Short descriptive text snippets
***

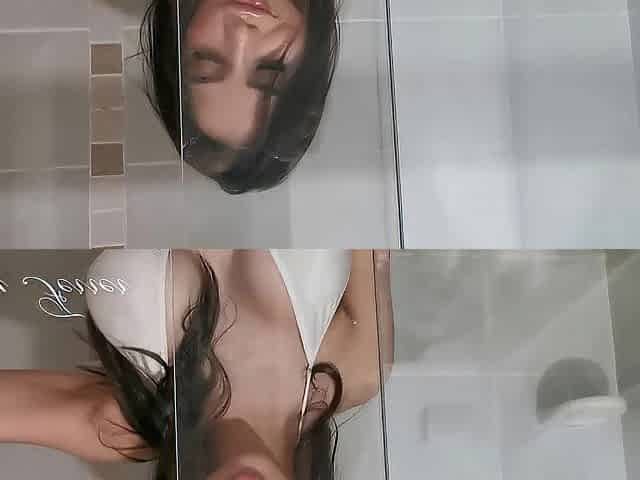 Gaby giving a kiss u throughout the glass, live the dream with her wet lips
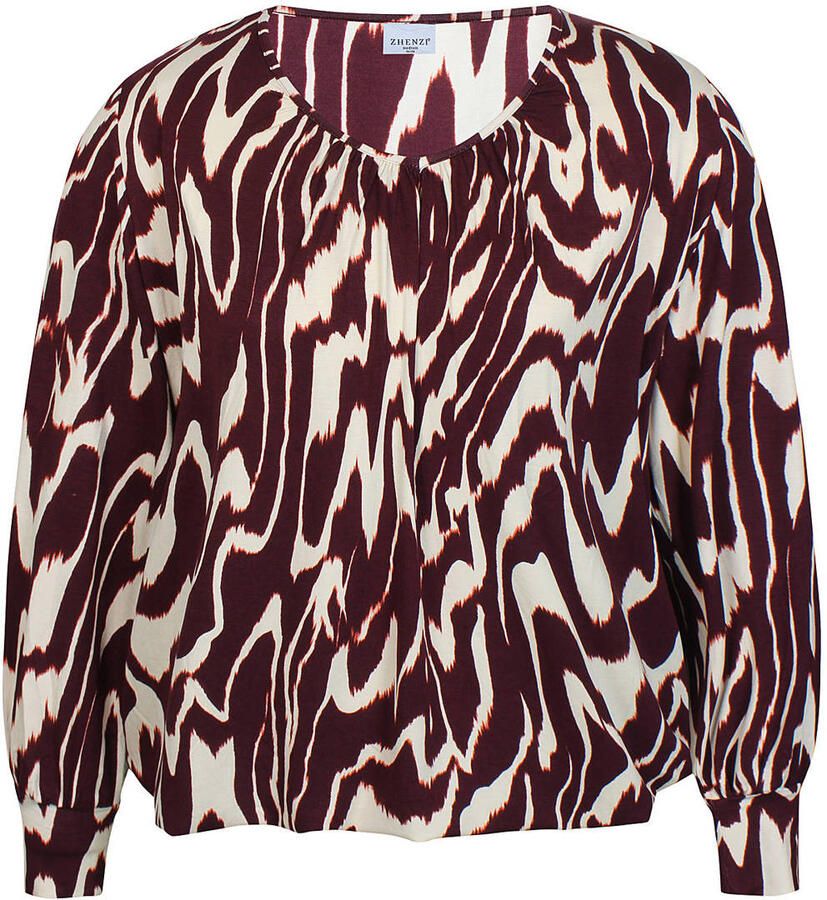 Zhenzi top Plus Size met print donkerrood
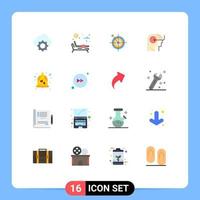 Group of 16 Flat Colors Signs and Symbols for bell head focus teaching target Editable Pack of Creative Vector Design Elements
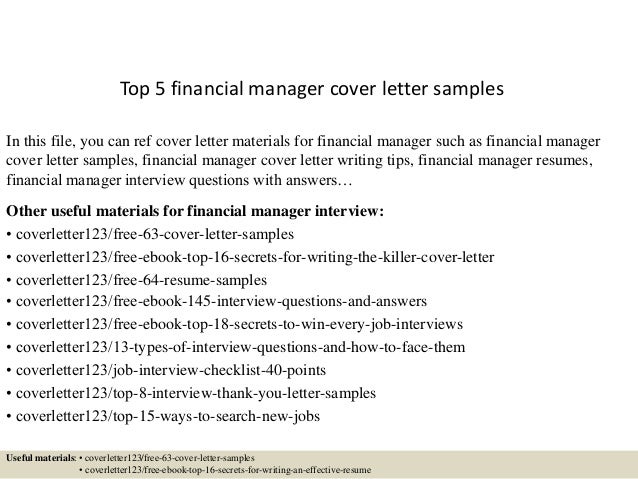Top 5 Financial Manager Cover Letter Samples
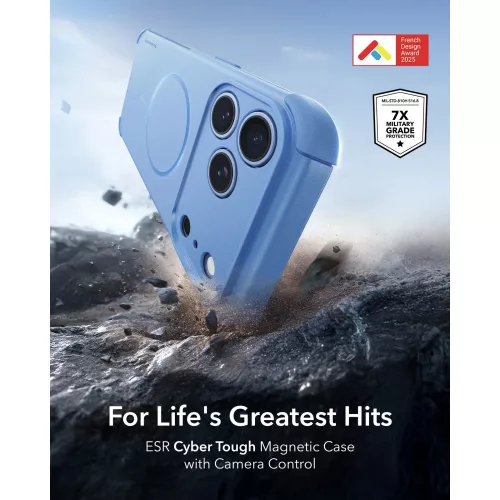 ESR Cyber Tough MagSafe tok, Apple iPhone 17 Pro Max / 18 Pro Max - Light Blue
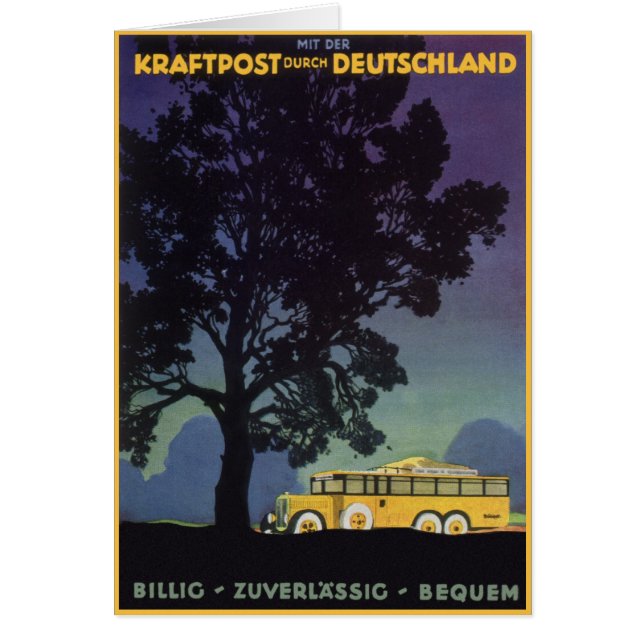 Vintage Germany, Yellow Bus at Night, Travel Art (Front)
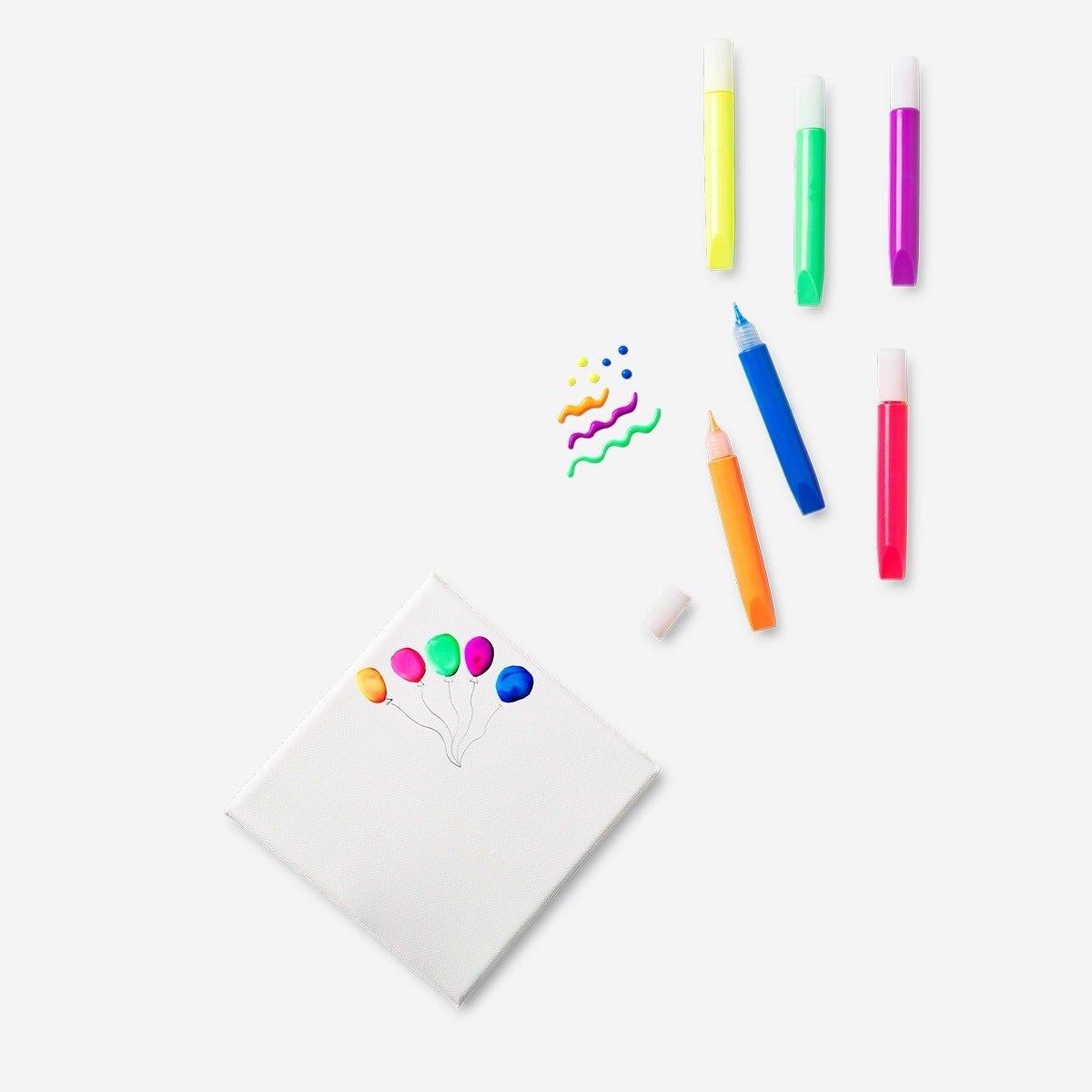 Multicolour puffy coloured pencils for canvas - 6 pcs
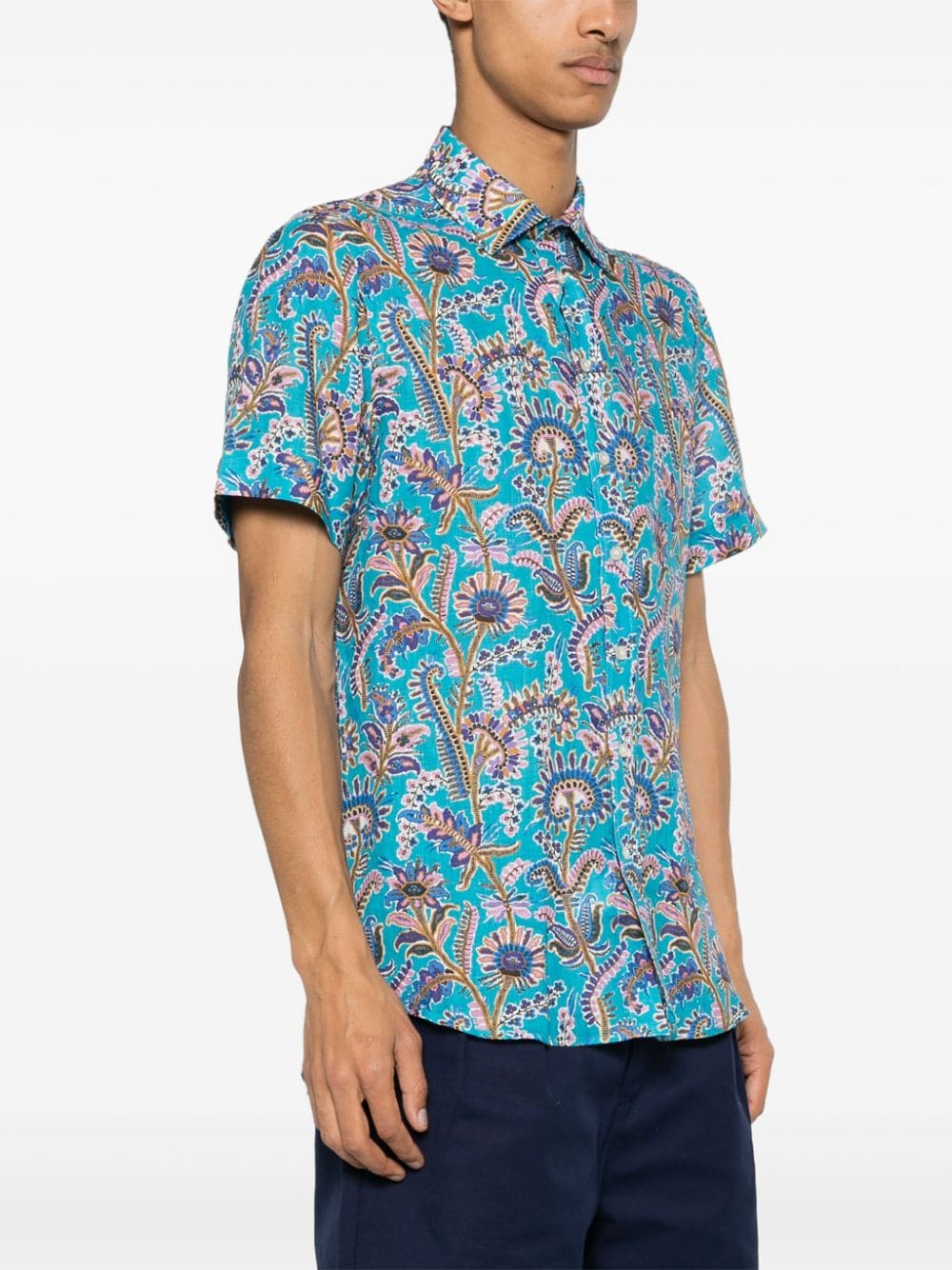 Shop Etro Floral-print Linen Shirt In Blue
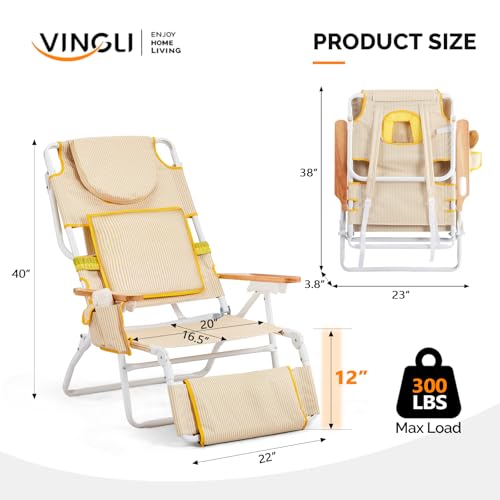VINGLI Deluxe 3 in1 Beach Chair, Tanning Chair with Face Hole, Reclining Lounge with Foot Rest, Cup Holder and Storage Ba...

***

▶ **WORK INSTRUCTIONS**
What is needed here is each line above set down word for word, minus the images.

▶ **SOLUTION TO THE PROBLEM**
 Gaby giving a kiss u throughout the glass, live the dream with her wet lips
 Zhenzi top Plus Size met print donkerrood
 Group of 16 Flat Colors Signs and Symbols for bell head focus teaching target Editable Pack of Creative Vector Design Elements
Top 5 Financial Manager Cover Letter Samples
 ESR Cyber Tough MagSafe tok, Apple iPhone 17 Pro Max / 18 Pro Max - Light Blue
 Vintage Germany, Yellow Bus at Night, Travel Art (Front)
 Multicolour puffy coloured pencils for canvas - 6 pcs
 Shop Etro Floral-print Linen Shirt In Blue
VINGLI Deluxe 3 in1 Beach Chair, Tanning Chair with Face Hole, Reclining Lounge with Foot Rest, Cup Holder and Storage Ba...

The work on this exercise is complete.